Ms. Smith contends that there are facts in dispute regarding the manner in which the meeting with Rona took place. However, she does not dispute that Rona gave her a verbal warning. (See Smith Letter at 2).
Ms. Smith denies that any incident of insubordination occurred on this date. (Smith Letter at 2). However, she does not deny that she challenged Reilly's direction to work on files that she thought should be assigned elsewhere. (Id.).
Reilly forwarded a copy of this e-mail exchange with Ms. Smith to Rona, who notified Petropoulos. (Reilly Aff. ¶ 7; Petropoulos Aff. ¶ 6). As a result, later the same day, Petropoulos made the decision to terminate Ms. Smith's employment and sought the required approval of the AIG Human Resources Department. (Petropoulos Aff. ¶ 7). Reilly did not participate in this decision. (Id.).

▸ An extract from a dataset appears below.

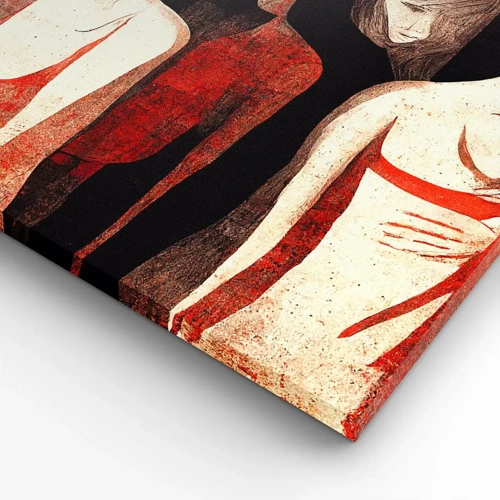 Canvas picture - Madonnas from Darkness - 45x80 cm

On November 10, 2000, Gina Palmisano of the AIG Human Resources Department advised Petropoulos that his request was approved. (Id.; Aff. of Gina Palmisano, sworn to on Oct. 17, 2001, ¶ 4). Petropoulos and Rona then informed Ms. Smith of her termination. (Smith Dep. 105).
B. Alleged Incidents of Sexual Harassment
Ms. Smith alleges that in or around the first week of October 2000, Reilly entered her cubicle and "pressed the front part of his body up against [her] chair." (Compl. ¶ 8; see also Smith Dep. 28-29). Specifically, Ms. Smith contends that Reilly opened his legs, began to behave as if he were dancing, and purposefully bumped his mid-section against her chair and her body. (Smith Dep. 29-33, 37-38). After having touched her twice, Reilly then "snapped out of it and . . . left the cubicle." (Id. at 31). Ms. Smith did not contact anyone at AIG about this incident. (Id. at 33-36, 62-64).

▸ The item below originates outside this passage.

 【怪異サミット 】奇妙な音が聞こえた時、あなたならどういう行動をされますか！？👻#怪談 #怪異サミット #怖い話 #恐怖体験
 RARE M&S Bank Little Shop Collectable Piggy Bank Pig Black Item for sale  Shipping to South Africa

At her deposition, Ms. Smith said that she was unsure of the duration of this incident but thought it probably lasted less than one minute. (See Smith Dep. at 38). In her letter, Ms. Smith says that "[t]he facts are in dispute regarding what I said regarding how long the incident lasted." (Smith Letter at 2).

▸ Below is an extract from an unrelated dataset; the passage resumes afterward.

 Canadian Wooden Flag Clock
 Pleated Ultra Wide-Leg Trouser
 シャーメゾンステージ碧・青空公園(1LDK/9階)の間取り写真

Ms. Smith also alleges that some time thereafter, Reilly again entered her cubicle and began talking to her "closer than he would usually." (Id. at 41). On that occasion, Ms. Smith asked Reilly to step away from her and he complied. (Id. at 41-42).
Once again, she did not report this incident to anyone at AIG. (Id. at 47). In a subsequent e-mail to Reilly on November 10, 2000, Ms. Smith observed that "there were a couple of times that you walked up on me pretty close in my cubical [sic] which [I] was not comfortable with and I asked you to back up from me which you did." (Id. at 70 Ex. 5). Ms. Smith suggested that any future meetings with Reilly take place "in an area which has more personal space, and of course with the door open." (Id. Ex. 5).
There were no other incidents of alleged sexual harassment while Ms. Smith was employed at AIG. (Id. at 220-21).
C. Procedural History
Following her termination, Ms. Smith filed a charge with the Equal Employment Opportunity Commission ("EEOC") on November 20, 2000. (Compl. ¶ 10).
On January 31, 2001, the EEOC issued her a "right to sue" letter. (Id. Ex. A).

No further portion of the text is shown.